O desaparecimento de uma pessoa exige ação rápida e não há necessidade de esperar 24 horas para registrar um boletim de ocorrência. A orientação da Secretaria da Segurança Pública do Estado de São Paulo (SSP-SP) é que familiares ou responsáveis acionem imediatamente a Polícia Militar pelo telefone 190 assim que perceberem o desaparecimento.
Uma pessoa é considerada desaparecida quando não pode ser localizada nos locais que costuma frequentar e não há informações sobre seu paradeiro. Quanto mais cedo a situação for comunicada às autoridades, maiores são as chances de localizar a pessoa com rapidez.
O primeiro passo é registrar um Boletim de Ocorrência (B.O.), que pode ser feito em qualquer delegacia de polícia ou pela Delegacia Eletrônica. Não existe prazo mínimo para esse registro, e a rapidez é considerada essencial para o início das investigações.
Ao registrar a ocorrência, é importante fornecer todos os telefones de contato do responsável pela comunicação do desaparecimento. Em São Paulo, nenhum boletim referente ao desaparecimento de pessoas é concluído sem uma entrevista telefônica realizada por um policial com o solicitante. Caso o desaparecido possua Registro Geral (RG) emitido pelo Estado de São Paulo, o documento será bloqueado preventivamente.
Após o registro, a Polícia Civil instaura um Procedimento de Investigação de Desaparecimento (PID). Nos casos envolvendo crianças ou pessoas com transtornos mentais, se a localização não ocorrer em até 48 horas, a investigação passa a ser conduzida por meio de inquérito policial.
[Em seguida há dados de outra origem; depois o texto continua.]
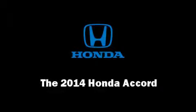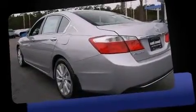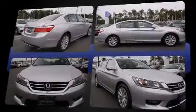Discerning drivers will appreciate the 2014 Honda Accord. This four-door, five-passenger sedan offers the latest in technological innovation and style. It features an automatic transmission, front-wheel drive, and a 2.4-liter four-cylinder engine.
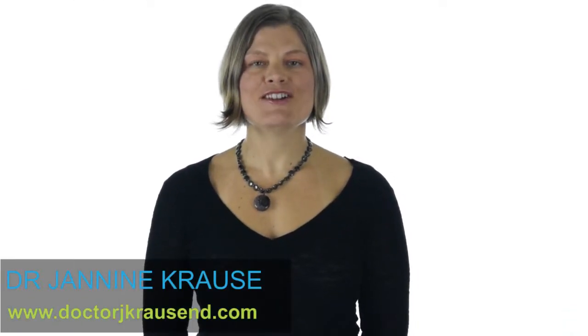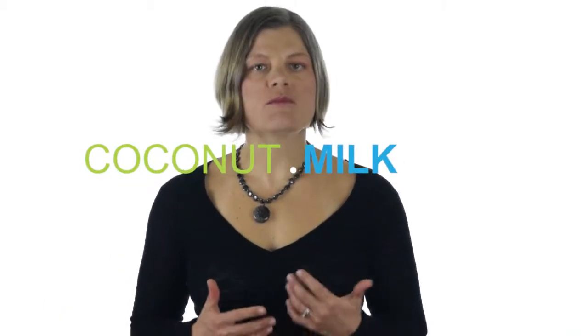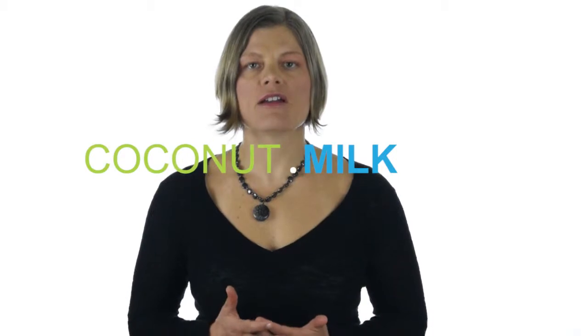Hello, I'm Dr. Janine Krause and I'm here today to weigh in on coconut milk. It's one of my favorite milks out there and it's one of those alternative milks that's been in the news lately in terms of being controversial.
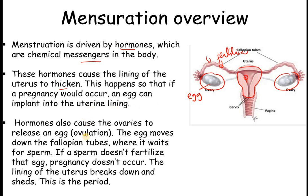Hormones cause the ovaries to release an egg through ovulation. This egg moves down the fallopian tubes, from here to here, where it waits for the sperm. If a sperm does not fertilize that egg, pregnancy does not occur. When pregnancy does not happen, the lining of the uterus breaks down — that very thin lining sheds — and this is called a period.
Outra ferramenta importante é o Programa de Localização e Identificação de Desaparecidos (PLID), mantido pelo Ministério Público do Estado de São Paulo. O cadastro pode ser realizado por meio de formulário específico, informando os dados da pessoa desaparecida, do comunicante e o número do boletim de ocorrência.
Quando disponíveis, fotografias da pessoa desaparecida também podem ser encaminhadas ao programa. As imagens podem ser divulgadas nas redes sociais do PLID para ampliar o alcance das buscas e aumentar as chances de localização.
Além disso, o Ministério Público disponibiliza uma cartilha com orientações sobre os direitos dos familiares e os procedimentos recomendados durante a busca por pessoas desaparecidas.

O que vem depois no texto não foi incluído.